▶ _What this task involves_
Repeat back every line of the data, exactly.

(Record excerpts)

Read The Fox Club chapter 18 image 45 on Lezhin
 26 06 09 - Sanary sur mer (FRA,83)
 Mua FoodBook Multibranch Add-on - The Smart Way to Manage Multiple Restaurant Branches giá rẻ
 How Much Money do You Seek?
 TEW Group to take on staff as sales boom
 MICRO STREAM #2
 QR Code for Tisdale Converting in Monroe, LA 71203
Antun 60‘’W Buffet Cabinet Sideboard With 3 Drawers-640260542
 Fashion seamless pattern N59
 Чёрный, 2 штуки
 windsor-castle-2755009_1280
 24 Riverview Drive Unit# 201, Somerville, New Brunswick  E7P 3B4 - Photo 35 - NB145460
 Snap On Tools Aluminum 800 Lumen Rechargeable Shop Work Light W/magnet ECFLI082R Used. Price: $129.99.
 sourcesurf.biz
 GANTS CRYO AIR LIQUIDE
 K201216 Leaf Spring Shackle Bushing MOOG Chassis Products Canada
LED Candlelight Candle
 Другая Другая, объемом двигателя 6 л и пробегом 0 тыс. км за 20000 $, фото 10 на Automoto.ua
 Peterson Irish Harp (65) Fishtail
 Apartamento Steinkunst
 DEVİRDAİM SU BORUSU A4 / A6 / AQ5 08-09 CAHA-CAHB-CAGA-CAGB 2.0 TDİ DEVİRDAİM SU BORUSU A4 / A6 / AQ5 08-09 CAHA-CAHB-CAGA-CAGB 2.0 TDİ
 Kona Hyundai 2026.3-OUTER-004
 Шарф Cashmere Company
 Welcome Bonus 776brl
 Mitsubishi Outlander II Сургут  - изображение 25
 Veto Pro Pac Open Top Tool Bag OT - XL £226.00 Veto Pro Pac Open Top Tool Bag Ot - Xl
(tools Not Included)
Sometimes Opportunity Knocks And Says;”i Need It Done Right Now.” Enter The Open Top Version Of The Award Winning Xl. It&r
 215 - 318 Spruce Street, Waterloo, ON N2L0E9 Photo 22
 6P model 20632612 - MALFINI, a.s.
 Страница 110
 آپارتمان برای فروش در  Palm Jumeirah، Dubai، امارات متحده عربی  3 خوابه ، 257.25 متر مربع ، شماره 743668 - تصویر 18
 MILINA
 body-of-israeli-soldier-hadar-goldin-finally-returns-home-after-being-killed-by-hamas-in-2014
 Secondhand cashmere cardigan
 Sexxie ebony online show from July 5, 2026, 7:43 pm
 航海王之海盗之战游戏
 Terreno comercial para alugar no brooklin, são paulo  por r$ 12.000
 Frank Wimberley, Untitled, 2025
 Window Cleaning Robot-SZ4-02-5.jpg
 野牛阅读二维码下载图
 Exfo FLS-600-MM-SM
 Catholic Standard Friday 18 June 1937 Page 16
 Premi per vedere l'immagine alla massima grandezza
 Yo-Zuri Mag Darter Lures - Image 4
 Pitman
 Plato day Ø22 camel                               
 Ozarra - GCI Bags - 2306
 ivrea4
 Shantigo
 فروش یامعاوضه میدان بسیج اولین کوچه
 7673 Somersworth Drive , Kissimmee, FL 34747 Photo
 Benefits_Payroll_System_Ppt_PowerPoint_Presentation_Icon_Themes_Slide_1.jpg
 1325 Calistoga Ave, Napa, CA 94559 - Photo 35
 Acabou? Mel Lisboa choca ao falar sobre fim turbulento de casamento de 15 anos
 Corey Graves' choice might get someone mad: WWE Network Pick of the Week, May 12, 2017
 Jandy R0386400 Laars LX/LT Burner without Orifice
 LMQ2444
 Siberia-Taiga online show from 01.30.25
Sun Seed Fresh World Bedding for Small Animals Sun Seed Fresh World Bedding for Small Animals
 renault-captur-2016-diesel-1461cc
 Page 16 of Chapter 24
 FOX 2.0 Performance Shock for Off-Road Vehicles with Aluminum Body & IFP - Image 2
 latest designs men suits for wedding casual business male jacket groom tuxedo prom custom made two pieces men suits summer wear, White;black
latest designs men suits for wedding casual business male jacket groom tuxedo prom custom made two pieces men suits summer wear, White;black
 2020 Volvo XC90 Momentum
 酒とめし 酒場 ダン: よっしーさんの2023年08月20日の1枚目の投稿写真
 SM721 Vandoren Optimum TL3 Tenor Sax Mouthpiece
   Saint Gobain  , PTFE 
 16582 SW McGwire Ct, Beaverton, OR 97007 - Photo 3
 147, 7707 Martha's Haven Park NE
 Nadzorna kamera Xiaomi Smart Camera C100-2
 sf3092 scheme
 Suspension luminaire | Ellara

(End Record excerpts)

▶ _Task response_
Read The Fox Club chapter 18 image 45 on Lezhin
 26 06 09 - Sanary sur mer (FRA,83)
 Mua FoodBook Multibranch Add-on - The Smart Way to Manage Multiple Restaurant Branches giá rẻ
 How Much Money do You Seek?
 TEW Group to take on staff as sales boom
 MICRO STREAM #2
 QR Code for Tisdale Converting in Monroe, LA 71203
Antun 60‘’W Buffet Cabinet Sideboard With 3 Drawers-640260542
 Fashion seamless pattern N59
 Чёрный, 2 штуки
 windsor-castle-2755009_1280
 24 Riverview Drive Unit# 201, Somerville, New Brunswick  E7P 3B4 - Photo 35 - NB145460
 Snap On Tools Aluminum 800 Lumen Rechargeable Shop Work Light W/magnet ECFLI082R Used. Price: $129.99.
 sourcesurf.biz
 GANTS CRYO AIR LIQUIDE
 K201216 Leaf Spring Shackle Bushing MOOG Chassis Products Canada
LED Candlelight Candle
 Другая Другая, объемом двигателя 6 л и пробегом 0 тыс. км за 20000 $, фото 10 на Automoto.ua
 Peterson Irish Harp (65) Fishtail
 Apartamento Steinkunst
 DEVİRDAİM SU BORUSU A4 / A6 / AQ5 08-09 CAHA-CAHB-CAGA-CAGB 2.0 TDİ DEVİRDAİM SU BORUSU A4 / A6 / AQ5 08-09 CAHA-CAHB-CAGA-CAGB 2.0 TDİ
 Kona Hyundai 2026.3-OUTER-004
 Шарф Cashmere Company
 Welcome Bonus 776brl
 Mitsubishi Outlander II Сургут  - изображение 25
 Veto Pro Pac Open Top Tool Bag OT - XL £226.00 Veto Pro Pac Open Top Tool Bag Ot - Xl
(tools Not Included)
Sometimes Opportunity Knocks And Says;”i Need It Done Right Now.” Enter The Open Top Version Of The Award Winning Xl. It&r
 215 - 318 Spruce Street, Waterloo, ON N2L0E9 Photo 22
 6P model 20632612 - MALFINI, a.s.
 Страница 110
 آپارتمان برای فروش در  Palm Jumeirah، Dubai، امارات متحده عربی  3 خوابه ، 257.25 متر مربع ، شماره 743668 - تصویر 18
 MILINA
 body-of-israeli-soldier-hadar-goldin-finally-returns-home-after-being-killed-by-hamas-in-2014
 Secondhand cashmere cardigan
 Sexxie ebony online show from July 5, 2026, 7:43 pm
 航海王之海盗之战游戏
 Terreno comercial para alugar no brooklin, são paulo  por r$ 12.000
 Frank Wimberley, Untitled, 2025
 Window Cleaning Robot-SZ4-02-5.jpg
 野牛阅读二维码下载图
 Exfo FLS-600-MM-SM
 Catholic Standard Friday 18 June 1937 Page 16
 Premi per vedere l'immagine alla massima grandezza
 Yo-Zuri Mag Darter Lures - Image 4
 Pitman
 Plato day Ø22 camel                               
 Ozarra - GCI Bags - 2306
 ivrea4
 Shantigo
 فروش یامعاوضه میدان بسیج اولین کوچه
 7673 Somersworth Drive , Kissimmee, FL 34747 Photo
 Benefits_Payroll_System_Ppt_PowerPoint_Presentation_Icon_Themes_Slide_1.jpg
 1325 Calistoga Ave, Napa, CA 94559 - Photo 35
 Acabou? Mel Lisboa choca ao falar sobre fim turbulento de casamento de 15 anos
 Corey Graves' choice might get someone mad: WWE Network Pick of the Week, May 12, 2017
 Jandy R0386400 Laars LX/LT Burner without Orifice
 LMQ2444
 Siberia-Taiga online show from 01.30.25
Sun Seed Fresh World Bedding for Small Animals Sun Seed Fresh World Bedding for Small Animals
 renault-captur-2016-diesel-1461cc
 Page 16 of Chapter 24
 FOX 2.0 Performance Shock for Off-Road Vehicles with Aluminum Body & IFP - Image 2
 latest designs men suits for wedding casual business male jacket groom tuxedo prom custom made two pieces men suits summer wear, White;black
latest designs men suits for wedding casual business male jacket groom tuxedo prom custom made two pieces men suits summer wear, White;black
 2020 Volvo XC90 Momentum
 酒とめし 酒場 ダン: よっしーさんの2023年08月20日の1枚目の投稿写真
 SM721 Vandoren Optimum TL3 Tenor Sax Mouthpiece
   Saint Gobain  , PTFE 
 16582 SW McGwire Ct, Beaverton, OR 97007 - Photo 3
 147, 7707 Martha's Haven Park NE
 Nadzorna kamera Xiaomi Smart Camera C100-2
 sf3092 scheme
 Suspension luminaire | Ellara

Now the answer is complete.